All the above explore relationships between animals and their human guardians with insight and sensitivity – but how many contemporary stories give animals a distinct voice as War Horse did? It’s a far harder trick to pull off: Michelle Paver’s Chronicles of Ancient Darkness (Wolf Brother and sequels) succeeded, triumphantly, with the orphaned cub Wolf adopting and adopted by the “Tall Tailless” (human) Torak in a quest to lay an evil spirit that is preying on human tribes and animalkind alike. Torak and Wolf’s voices interleave to give a compelling picture of neolithic life, sharp with sights and sounds, skills and rituals and the intense scent, taste and feel of the ancient landscape.

Back in the present day, S F Said’s Varjak Paw also gets well and truly under the fur of its cat-heroes, helped in no small way by Dave McKean’s atmospheric illustrations. There’s another dash of mysticism here as the discredited Varjak, awkward younger son of a family of pedigree Mesopotamian Blue cats, communes with his legendary ancestor Jalal in order to learn the fighting-cat skills that will save his family from the sinister Gentleman, his black cat minions and a truly horrifying plan for the cats of the city. More pragmatically, Varjak learns to get along with street cats and even to approach dogs in order to stay alive and confront the Gentleman. A gently moral (and ungently pacy) story about courage, determination and acceptance, from an arrestingly original perspective.

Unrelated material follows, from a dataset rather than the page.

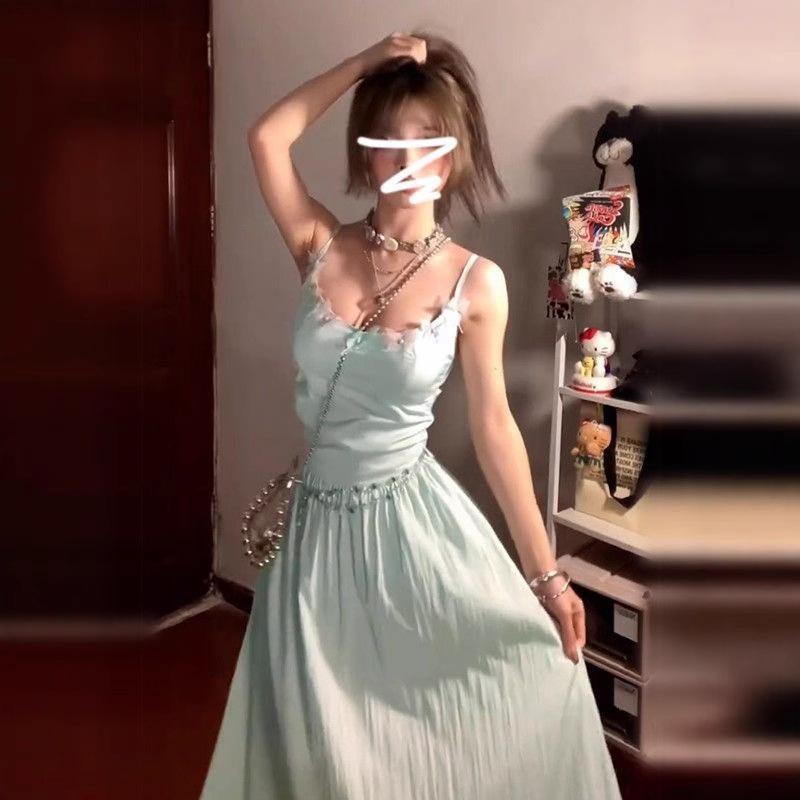Green backless suspender dress children's summer seaside vacation French high-end temperament waist a-word long dress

Finally, a dazzling piece of storytelling from a debut author that I couldn’t resist, even though Emira, the tiger of the title, is missing for much of the story. Combining the vivid colour – as well as grinding poverty and squalor – of India with a magical tale steeped in the Arabian Nights, Tiger Thief has a Bollywood-worthy cast of circus folk, foundlings, malicious stepmothers, demons, beggars, wise women, evil ministers, puppet emperors and rightful queens in captivity. After a near-fatal accident at the circus, Sharat the tiger trainer begs his father not to go through with a command performance for the emperor himself; but his father ignores him, the performance goes ahead, and Sharat’s beloved Emira disappears before everyone’s eyes as she jumps through the fiery hoop that should be the climax of her act. It seems impossible that Sharat should ever find her again, as a lowly circus boy facing the might and dark magic of the Emperor’s minister Rookh; but he finds an unlikely ally in the city sewer: Aya, a beggar girl who is not all she seems – and, perhaps, neither is Sharat. A breakneck plot that never loses its grip hurtles to a satisfying conclusion that leaves plenty of scope for a much-anticipated sequel. A special mention, too, to publishers-to-watch Nosy Crow’s beautiful production, with mehndi-like patterns decorating every page. You can read the first chapter here – and if you’ve no urge to read further, really, what can I say?

There are plenty more good and popular stories about animals, of course: Barbara Sleigh’s Carbonel books, or Richard Adams’ Watership Down for older readers (and not originally for children, either). Booktrust have some excellent lists with more ideas – and of course, information books about animals are a mainstay of children’s non-fiction. Perhaps the child readers of a few hundred years ago, dutifully learning their letters and their Bible verses, would be bemused by the stories we give to animals; but I’d like to think that, given the imagination and power in the best of these, they’d be inspired and not a little envious too.